TASK TO COMPLETE » Your copy should start at the line with "Five chicken wings" and end at the line with "Julie in her" in the data below. Transcribe only those lines, exactly, pictures excluded.

MATERIAL SHOWN »

BEGIN

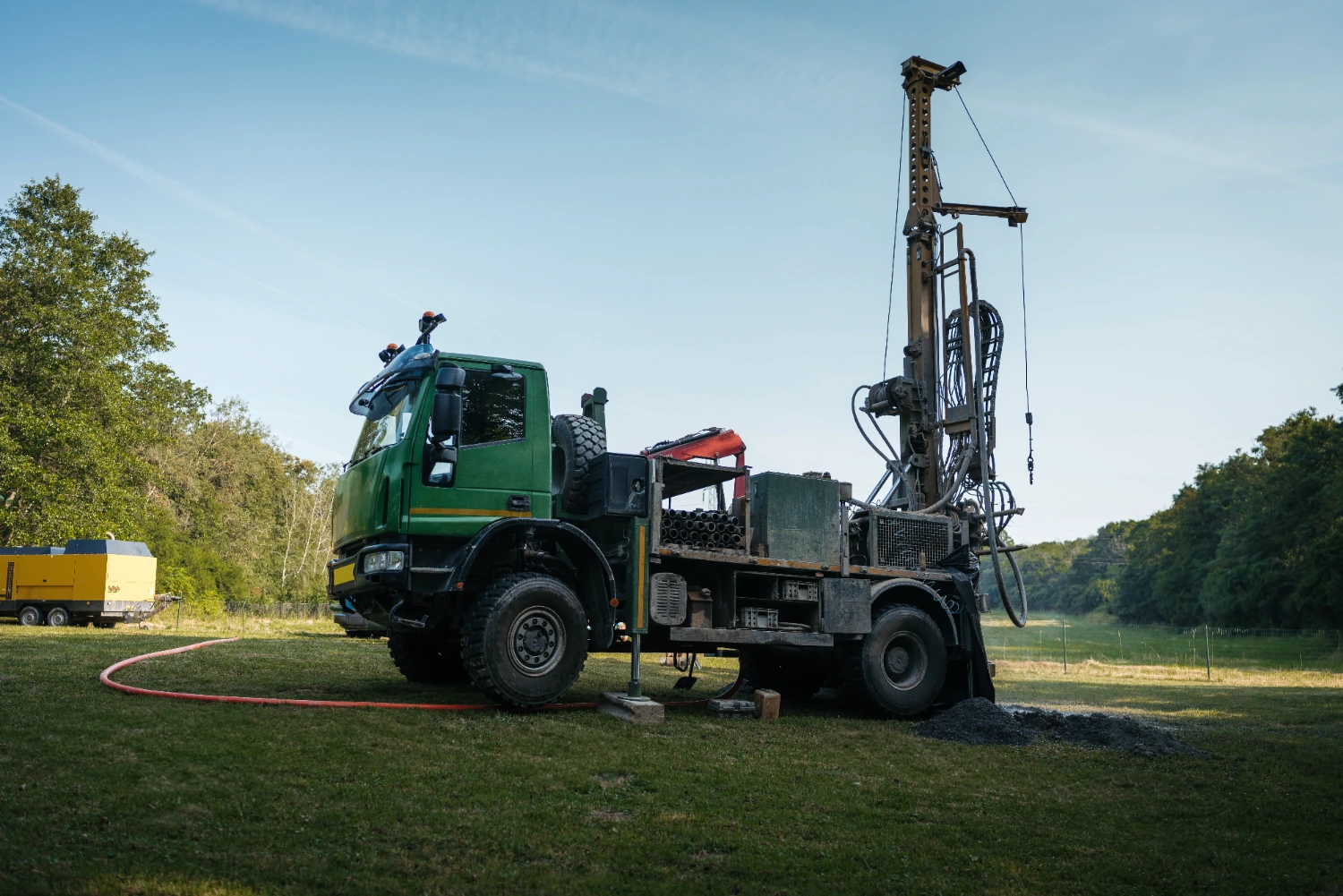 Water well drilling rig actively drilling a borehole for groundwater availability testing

END
BEGIN

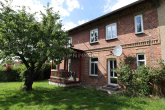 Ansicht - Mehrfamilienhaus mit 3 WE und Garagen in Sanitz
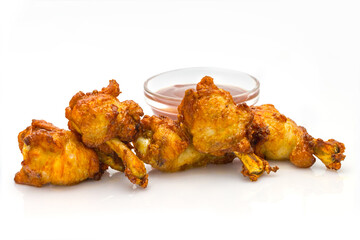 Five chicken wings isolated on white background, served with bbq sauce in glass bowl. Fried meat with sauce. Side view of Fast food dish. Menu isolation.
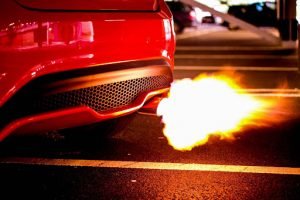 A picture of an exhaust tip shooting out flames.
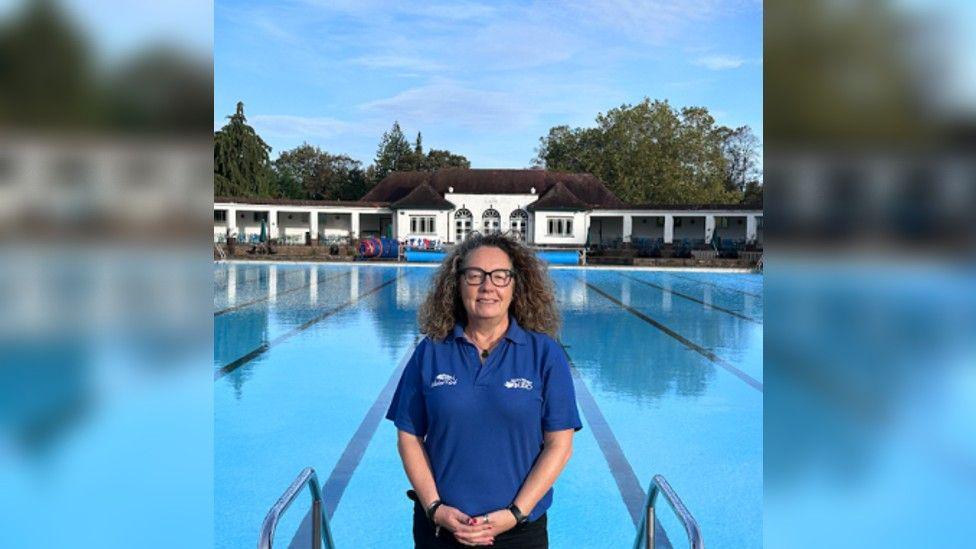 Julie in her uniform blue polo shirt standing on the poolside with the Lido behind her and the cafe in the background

END
BEGIN

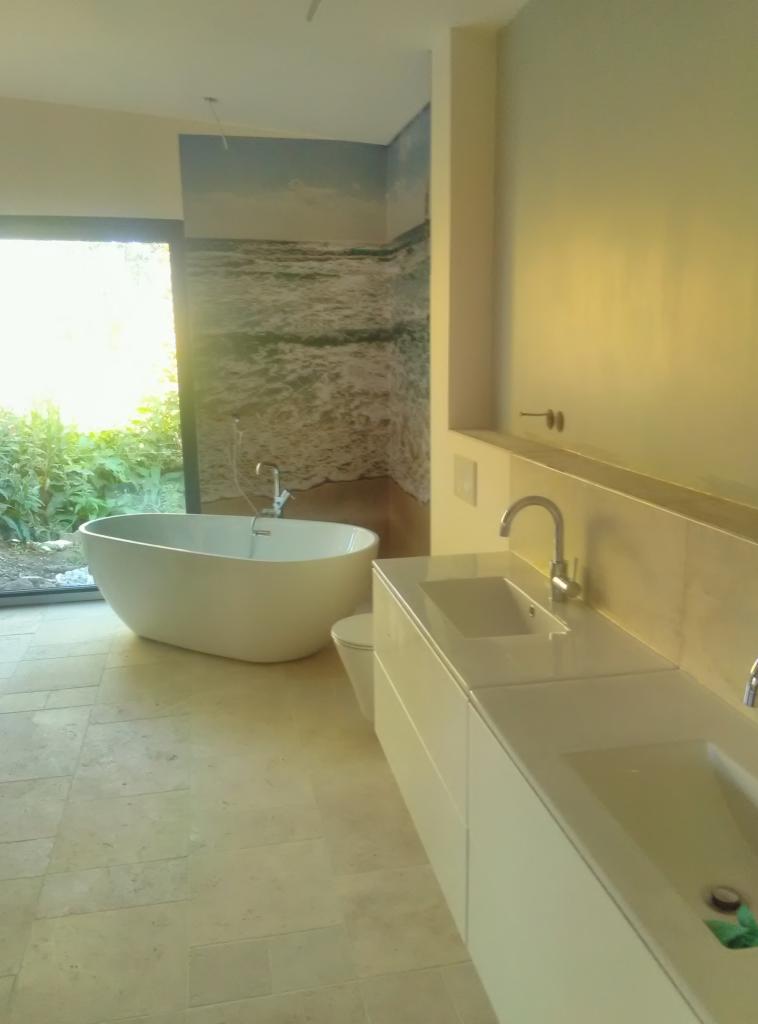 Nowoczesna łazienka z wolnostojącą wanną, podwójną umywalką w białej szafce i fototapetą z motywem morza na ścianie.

END

TASK SOLUTION »
 Five chicken wings isolated on white background, served with bbq sauce in glass bowl. Fried meat with sauce. Side view of Fast food dish. Menu isolation.
 A picture of an exhaust tip shooting out flames.
 Julie in her uniform blue polo shirt standing on the poolside with the Lido behind her and the cafe in the background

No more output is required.